South African citrus exports to India continue to show strong growth, rising nearly 85% in 2025 as the industry steps up efforts to expand its footprint in one of Asia’s most promising markets.
Southern African Citrus Growers’ Association (CGA) chief executive, Dr Boitshoko Ntshabele, writing his latest weekly newsletter from India, said a business delegation visited New Delhi as part of FruitSA’s annual market access mission last week.
“The delegation held constructive discussions with representatives from India’s Ministries of Agriculture and Commerce. Discussions were encouraging and focused on making progress and finding opportunities to work on matters of joint interest for South Africa and India.”

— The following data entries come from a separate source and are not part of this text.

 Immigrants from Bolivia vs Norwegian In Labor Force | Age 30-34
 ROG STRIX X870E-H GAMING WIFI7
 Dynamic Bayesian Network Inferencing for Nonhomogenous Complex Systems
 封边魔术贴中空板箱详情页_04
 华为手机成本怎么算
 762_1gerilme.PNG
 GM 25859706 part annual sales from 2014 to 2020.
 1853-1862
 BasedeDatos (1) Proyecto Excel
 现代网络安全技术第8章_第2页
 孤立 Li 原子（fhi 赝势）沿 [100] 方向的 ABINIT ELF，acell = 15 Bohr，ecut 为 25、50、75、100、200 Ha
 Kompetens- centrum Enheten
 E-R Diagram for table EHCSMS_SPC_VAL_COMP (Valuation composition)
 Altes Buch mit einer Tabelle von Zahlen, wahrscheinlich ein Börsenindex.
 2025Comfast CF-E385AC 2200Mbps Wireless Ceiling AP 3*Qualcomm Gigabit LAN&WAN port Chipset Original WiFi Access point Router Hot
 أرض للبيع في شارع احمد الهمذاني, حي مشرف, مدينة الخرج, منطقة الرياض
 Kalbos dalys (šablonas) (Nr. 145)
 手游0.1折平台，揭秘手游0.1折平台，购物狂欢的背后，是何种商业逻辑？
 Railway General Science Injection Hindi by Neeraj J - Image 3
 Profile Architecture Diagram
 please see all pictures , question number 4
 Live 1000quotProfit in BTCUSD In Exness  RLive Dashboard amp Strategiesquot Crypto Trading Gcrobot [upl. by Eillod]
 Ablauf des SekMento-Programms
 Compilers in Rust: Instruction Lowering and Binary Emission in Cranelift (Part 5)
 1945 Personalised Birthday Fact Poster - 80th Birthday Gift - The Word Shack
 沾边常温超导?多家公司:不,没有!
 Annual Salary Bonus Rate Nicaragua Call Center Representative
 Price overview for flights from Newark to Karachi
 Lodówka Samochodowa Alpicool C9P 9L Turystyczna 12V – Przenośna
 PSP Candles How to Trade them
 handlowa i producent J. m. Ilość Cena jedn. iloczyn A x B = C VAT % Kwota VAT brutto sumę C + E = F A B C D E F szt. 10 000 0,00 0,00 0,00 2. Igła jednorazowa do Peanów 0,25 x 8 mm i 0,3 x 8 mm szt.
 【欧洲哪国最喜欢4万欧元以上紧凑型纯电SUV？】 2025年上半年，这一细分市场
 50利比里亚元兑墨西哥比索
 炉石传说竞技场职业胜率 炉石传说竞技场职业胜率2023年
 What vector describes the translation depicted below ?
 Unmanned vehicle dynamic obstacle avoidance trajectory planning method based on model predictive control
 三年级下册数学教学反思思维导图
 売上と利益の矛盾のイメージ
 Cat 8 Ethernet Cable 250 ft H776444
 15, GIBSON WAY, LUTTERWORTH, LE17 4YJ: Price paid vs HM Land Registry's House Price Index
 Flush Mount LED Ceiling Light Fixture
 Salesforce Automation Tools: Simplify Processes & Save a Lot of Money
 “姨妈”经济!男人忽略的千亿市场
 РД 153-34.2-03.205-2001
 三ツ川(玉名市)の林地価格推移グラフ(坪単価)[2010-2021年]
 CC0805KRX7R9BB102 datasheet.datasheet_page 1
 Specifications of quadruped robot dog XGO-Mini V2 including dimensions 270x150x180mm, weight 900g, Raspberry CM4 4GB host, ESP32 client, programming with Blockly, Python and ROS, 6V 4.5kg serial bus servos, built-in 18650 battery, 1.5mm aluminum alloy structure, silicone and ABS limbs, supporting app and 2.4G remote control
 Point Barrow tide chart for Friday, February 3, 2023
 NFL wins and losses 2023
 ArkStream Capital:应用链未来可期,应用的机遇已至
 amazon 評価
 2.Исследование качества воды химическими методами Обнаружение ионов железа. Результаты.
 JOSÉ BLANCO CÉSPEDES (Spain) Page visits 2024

India’s Brics chairmanship this year and the upcoming Africa-India Forum Summit are expected to create further momentum for trade. India is one of the few Asian markets recording positive growth in South African export volumes, supported by market development investments by the CGA.
Ntshabele noted that India, with the world’s largest population – more than 1.47 billion – and a growing middle class willing to pay for premium produce, fitted well with the industry’s campaign: “Beautiful Country, Beautiful Fruit, Exceptional Taste.”
He congratulated Sweet C on winning Fresh Produce India’s market campaign award for mandarins.
“Brand-specific initiatives like this play an important role in building awareness of South African citrus and expanding consumer appetite across the category.”
Ntshabele said importers in India remained optimistic, particularly for mandarins, with steadier gains expected for oranges. This growth is especially timely as conflict in the Middle East – a market that typically absorbs around 19% of South Africa’s citrus exports – continues to disrupt global trade flows.
The South African citrus industry is projecting total exports of up to 215 million cartons this season, up from 203.9 million last year, driven by strong growing conditions and new orchards coming into production.
Ntshabele said fruit quality remained excellent despite some harvest delays caused by intermittent rainfall in some northern regions.
At the end of week 16, total packed volumes stood at 14.8 million 15kg cartons for the 2026 season, compared with 12 million in 2025.